CREATE CONFIGURATION

Command Examples
Example 1 The following example creates a new broker configuration named Sales with a database that will have the physical standby characteristics if the primary database transitions to the standby role in a future switchover operation.
DGMGRL> CREATE CONFIGURATION 'Sales' AS PRIMARY SITE IS 'Boston' RESOURCE IS 'Sales_db' HOSTNAME IS 'boston' INSTANCE NAME IS 'bstn' SERVICE NAME IS 'bstn' SITE IS MAINTAINED AS PHYSICAL; Configuration "Sales" added with primary site "Boston" Database resource "Sales_db" added.
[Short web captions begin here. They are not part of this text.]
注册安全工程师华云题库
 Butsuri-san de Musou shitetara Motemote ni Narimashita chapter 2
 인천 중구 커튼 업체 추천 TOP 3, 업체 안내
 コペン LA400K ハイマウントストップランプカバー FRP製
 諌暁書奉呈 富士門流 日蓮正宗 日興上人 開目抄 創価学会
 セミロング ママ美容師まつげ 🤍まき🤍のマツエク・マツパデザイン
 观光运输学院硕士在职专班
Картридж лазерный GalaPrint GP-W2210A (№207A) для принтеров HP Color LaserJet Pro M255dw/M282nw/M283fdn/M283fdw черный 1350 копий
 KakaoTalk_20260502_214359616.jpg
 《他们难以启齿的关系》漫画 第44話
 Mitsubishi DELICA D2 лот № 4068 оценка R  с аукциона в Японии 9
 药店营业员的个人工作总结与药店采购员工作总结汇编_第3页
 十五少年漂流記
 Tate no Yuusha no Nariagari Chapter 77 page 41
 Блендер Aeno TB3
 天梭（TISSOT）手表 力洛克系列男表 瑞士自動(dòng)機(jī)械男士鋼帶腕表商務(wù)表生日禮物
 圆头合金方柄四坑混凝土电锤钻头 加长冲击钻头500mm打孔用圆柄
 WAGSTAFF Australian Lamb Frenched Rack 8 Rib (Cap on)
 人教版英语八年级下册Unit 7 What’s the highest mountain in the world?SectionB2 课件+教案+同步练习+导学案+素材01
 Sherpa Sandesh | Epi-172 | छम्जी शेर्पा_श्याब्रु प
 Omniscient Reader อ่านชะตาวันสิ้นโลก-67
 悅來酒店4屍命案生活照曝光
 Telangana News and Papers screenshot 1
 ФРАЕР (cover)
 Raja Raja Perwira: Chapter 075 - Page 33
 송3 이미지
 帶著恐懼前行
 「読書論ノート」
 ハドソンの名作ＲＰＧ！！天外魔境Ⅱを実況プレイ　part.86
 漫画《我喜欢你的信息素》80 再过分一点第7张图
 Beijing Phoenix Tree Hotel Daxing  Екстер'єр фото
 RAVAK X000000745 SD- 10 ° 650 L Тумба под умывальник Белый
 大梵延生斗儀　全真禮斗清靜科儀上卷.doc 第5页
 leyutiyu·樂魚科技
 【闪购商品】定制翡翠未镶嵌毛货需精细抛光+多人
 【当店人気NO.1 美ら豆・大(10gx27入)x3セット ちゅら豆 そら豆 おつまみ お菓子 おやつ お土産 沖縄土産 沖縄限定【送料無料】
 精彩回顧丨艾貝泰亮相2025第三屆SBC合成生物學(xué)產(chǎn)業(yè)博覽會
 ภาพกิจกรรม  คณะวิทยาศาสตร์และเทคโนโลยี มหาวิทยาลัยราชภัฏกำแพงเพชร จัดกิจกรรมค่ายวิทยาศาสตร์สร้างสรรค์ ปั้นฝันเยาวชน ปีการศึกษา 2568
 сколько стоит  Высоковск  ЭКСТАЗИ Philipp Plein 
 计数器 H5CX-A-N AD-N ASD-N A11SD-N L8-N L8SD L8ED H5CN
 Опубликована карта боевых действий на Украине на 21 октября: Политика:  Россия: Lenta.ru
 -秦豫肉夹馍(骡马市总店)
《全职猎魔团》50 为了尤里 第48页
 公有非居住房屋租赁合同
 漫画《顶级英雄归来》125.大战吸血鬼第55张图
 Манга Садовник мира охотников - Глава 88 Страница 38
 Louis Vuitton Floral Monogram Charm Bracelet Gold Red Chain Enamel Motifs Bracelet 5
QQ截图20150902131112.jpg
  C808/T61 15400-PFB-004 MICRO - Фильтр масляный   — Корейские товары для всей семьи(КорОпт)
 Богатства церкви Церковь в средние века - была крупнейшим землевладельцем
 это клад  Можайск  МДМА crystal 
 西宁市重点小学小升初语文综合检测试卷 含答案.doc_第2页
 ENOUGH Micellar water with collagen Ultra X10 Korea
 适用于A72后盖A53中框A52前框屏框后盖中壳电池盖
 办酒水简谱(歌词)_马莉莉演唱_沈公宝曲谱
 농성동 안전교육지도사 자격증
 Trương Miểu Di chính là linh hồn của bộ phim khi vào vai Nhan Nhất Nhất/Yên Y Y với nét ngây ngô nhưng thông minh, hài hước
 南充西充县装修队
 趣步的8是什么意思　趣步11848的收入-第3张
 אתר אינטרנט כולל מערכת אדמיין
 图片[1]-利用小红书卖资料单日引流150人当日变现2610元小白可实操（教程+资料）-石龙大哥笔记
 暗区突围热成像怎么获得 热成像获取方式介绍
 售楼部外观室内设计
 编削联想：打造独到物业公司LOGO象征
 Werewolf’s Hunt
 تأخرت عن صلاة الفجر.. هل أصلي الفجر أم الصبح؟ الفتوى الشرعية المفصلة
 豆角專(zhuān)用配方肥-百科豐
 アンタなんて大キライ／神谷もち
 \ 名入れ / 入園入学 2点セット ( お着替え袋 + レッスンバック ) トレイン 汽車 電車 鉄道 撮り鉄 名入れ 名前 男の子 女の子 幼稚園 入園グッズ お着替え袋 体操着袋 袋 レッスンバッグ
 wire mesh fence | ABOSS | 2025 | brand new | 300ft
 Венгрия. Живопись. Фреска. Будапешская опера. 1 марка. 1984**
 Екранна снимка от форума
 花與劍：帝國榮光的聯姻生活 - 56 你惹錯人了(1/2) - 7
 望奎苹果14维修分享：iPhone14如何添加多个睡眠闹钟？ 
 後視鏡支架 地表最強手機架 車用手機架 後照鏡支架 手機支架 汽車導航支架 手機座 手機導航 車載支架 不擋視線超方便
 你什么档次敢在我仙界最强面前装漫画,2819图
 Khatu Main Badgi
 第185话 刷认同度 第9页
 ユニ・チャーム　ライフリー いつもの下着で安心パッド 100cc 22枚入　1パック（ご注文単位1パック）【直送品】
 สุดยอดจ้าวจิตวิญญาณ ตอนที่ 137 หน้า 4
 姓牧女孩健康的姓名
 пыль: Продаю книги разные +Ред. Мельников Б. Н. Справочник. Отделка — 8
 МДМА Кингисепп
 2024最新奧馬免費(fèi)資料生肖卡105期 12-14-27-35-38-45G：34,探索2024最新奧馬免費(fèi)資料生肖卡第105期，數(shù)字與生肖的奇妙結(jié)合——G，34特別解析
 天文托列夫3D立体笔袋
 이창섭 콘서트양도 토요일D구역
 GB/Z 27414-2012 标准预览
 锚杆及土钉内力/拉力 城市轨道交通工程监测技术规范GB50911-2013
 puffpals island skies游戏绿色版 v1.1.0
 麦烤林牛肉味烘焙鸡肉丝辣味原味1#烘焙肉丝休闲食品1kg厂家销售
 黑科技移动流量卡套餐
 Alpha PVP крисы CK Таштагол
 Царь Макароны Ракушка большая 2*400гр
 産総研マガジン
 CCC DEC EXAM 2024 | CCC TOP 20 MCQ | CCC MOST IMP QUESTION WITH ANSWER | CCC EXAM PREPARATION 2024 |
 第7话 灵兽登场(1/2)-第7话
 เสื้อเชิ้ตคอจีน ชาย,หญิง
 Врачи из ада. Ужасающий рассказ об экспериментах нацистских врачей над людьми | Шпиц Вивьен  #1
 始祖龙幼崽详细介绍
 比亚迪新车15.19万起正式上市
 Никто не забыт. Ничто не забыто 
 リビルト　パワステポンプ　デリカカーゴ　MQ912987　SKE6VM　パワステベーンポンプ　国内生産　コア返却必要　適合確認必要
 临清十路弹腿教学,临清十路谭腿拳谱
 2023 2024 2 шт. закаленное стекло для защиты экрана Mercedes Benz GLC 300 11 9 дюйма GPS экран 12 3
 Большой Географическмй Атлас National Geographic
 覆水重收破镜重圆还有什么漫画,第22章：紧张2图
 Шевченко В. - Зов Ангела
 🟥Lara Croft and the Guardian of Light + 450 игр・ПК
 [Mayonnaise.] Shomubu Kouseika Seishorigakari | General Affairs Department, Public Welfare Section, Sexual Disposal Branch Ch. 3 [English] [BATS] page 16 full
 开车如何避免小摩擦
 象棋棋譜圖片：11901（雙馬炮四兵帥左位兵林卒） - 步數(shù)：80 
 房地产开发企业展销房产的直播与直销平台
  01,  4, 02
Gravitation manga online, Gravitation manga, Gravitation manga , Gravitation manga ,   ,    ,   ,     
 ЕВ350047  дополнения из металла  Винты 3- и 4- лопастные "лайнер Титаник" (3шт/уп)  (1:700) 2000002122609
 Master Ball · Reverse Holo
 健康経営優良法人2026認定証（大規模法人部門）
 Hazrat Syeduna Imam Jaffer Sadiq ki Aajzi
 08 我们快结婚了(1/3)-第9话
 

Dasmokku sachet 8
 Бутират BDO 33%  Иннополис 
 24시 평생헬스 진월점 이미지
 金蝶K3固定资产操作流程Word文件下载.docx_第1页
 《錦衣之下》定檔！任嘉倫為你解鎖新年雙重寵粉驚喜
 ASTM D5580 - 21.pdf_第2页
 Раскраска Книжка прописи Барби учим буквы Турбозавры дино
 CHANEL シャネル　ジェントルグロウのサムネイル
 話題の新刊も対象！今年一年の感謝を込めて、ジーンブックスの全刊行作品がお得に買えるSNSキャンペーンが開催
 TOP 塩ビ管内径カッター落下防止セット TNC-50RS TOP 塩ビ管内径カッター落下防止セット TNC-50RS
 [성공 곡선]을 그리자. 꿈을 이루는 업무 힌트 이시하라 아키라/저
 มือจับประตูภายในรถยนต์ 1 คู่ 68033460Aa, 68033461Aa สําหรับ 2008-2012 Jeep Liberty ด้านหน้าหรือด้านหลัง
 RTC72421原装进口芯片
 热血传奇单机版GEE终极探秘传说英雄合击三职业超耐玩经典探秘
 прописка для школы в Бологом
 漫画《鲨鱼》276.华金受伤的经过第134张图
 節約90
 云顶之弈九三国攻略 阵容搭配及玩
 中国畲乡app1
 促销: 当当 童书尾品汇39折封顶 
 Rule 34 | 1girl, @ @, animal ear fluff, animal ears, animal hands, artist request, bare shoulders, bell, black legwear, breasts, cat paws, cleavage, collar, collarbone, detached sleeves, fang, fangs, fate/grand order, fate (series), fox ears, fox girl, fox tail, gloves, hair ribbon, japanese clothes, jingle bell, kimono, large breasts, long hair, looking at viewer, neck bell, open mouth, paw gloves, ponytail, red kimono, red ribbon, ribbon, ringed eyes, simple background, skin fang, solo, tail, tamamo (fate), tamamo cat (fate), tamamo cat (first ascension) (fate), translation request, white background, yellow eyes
Data Guard Command-Line Interface Reference 7-23

CREATE SITE

CREATE SITE
Creates a new standby site object and database resource object and adds it to an existing broker configuration.

Format
CREATE SITE site-name RESOURCE IS resource-name HOSTNAME IS host-name INSTANCE NAME IS instance-name SERVICE NAME IS net-service-name SITE IS MAINTAINED AS standby-type;

Command Parameters
site-name

A user-friendly name for the site object you are creating. Valid names contain any alphanumeric characters. If spaces are included in the name, the name must be enclosed in double or single quotation marks. The name must consist of 30 or fewer bytes.
resource-name

A user-friendly name for the database resource object to be created for the standby site.
host-name

The host name of the standby site.
instance-name

The instance name of the primary database.
net-service-name

Consists of the Oracle Net service name of the standby site that you want to add. The exact syntax depends upon the Oracle Net communications protocol your Oracle installation uses. For more information, see the Oracle Net documentation.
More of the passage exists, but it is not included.